The macabre blood dance played out in Kerala and shared across social media sites of a bunch of barbaric Youth Congress goons holding down an innocent calf, one of them slitting its throat and then all of them enacting a war dance even as the Calf’s life ebbs out minute by agonizing minute is a reflection of the of the utter depravity of the times we live in. This was not the end of it. The CPI-M not to be left out joined in and more Cows, Bulls, Buffalos, and calves were put to the sword.
If the reaction by political parties was shocking, the reportage by Mainstream Media (MSM) and trigger happy authors was pathetic to say the least. The blame for what transpired in Kerala and what is being planned in parts of TN and Karnataka must be squarely laid at the feet of the unscrupulous elements within the media establishment who went to town proclaiming that the government had issued a decree that amounted to a “Blanket Beef Ban”.

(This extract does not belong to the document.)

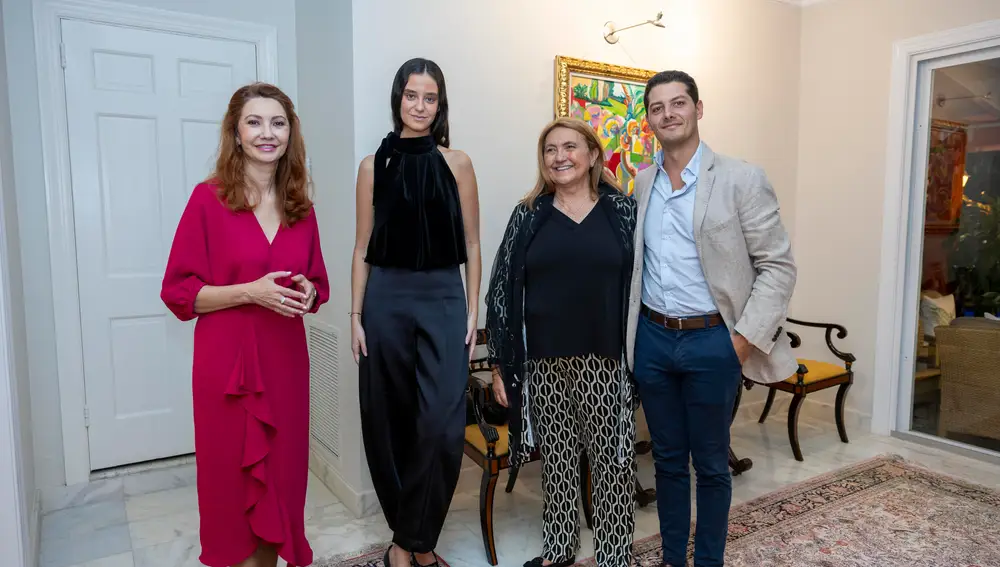 Victoria Federica en el consulado de España en Miami.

This was followed by a predictable but utterly one-sided, ill-informed, and cacophonic barrage on the virtual highways of Social Media that firmly established this lie as the truth and led to the spiraling of what was a minor notification to the Gazette of the Ministry of Environment, Forest and Climate Change, into a debate on freedom, choice, and infringement of individual rights and liberty.
In a world that communicates more than ever before, the greatest casualty has been communication itself. This strange oxymoron is the only truth of a virtual world where anyone with a smart phone is an expert on subjects spanning the entire gamut of human knowledge.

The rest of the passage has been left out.